- [WHAT THIS TASK INVOLVES] Only the lines below, from the one with "Damian Williams was" through the one with "Kofferraummatte Kofferraumwanne für", are to be written out, exactly.

- [EXCERPTED RECORDS]
----

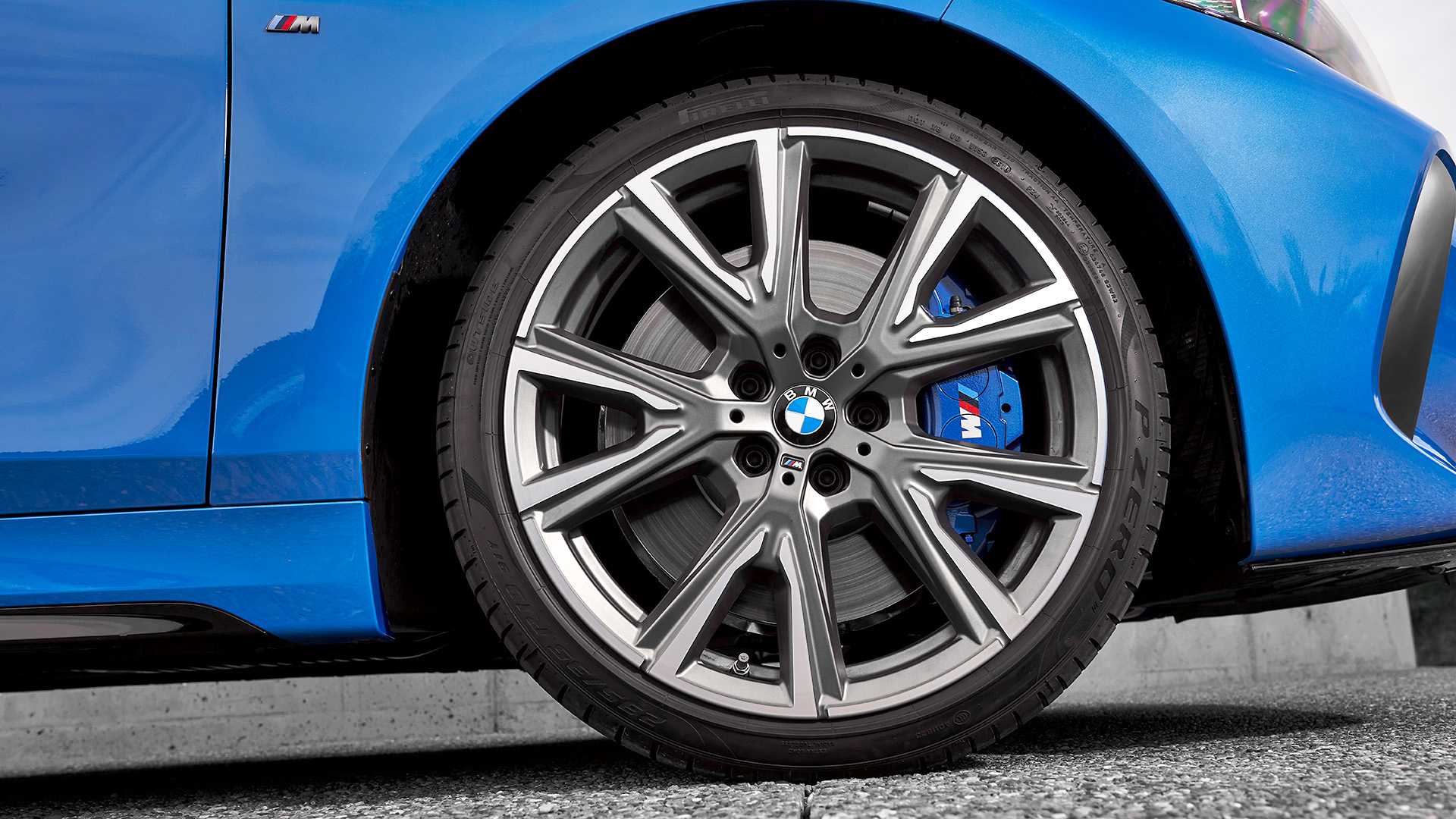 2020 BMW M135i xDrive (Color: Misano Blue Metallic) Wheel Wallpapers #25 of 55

----

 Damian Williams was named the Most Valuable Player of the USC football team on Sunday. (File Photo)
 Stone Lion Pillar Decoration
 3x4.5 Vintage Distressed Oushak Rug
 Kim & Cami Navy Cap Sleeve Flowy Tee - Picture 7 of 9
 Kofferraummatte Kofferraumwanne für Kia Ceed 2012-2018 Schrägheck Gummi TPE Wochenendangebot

----

- [WRITTEN SOLUTION]
 Damian Williams was named the Most Valuable Player of the USC football team on Sunday. (File Photo)
 Stone Lion Pillar Decoration
 3x4.5 Vintage Distressed Oushak Rug
 Kim & Cami Navy Cap Sleeve Flowy Tee - Picture 7 of 9
 Kofferraummatte Kofferraumwanne für Kia Ceed 2012-2018 Schrägheck Gummi TPE Wochenendangebot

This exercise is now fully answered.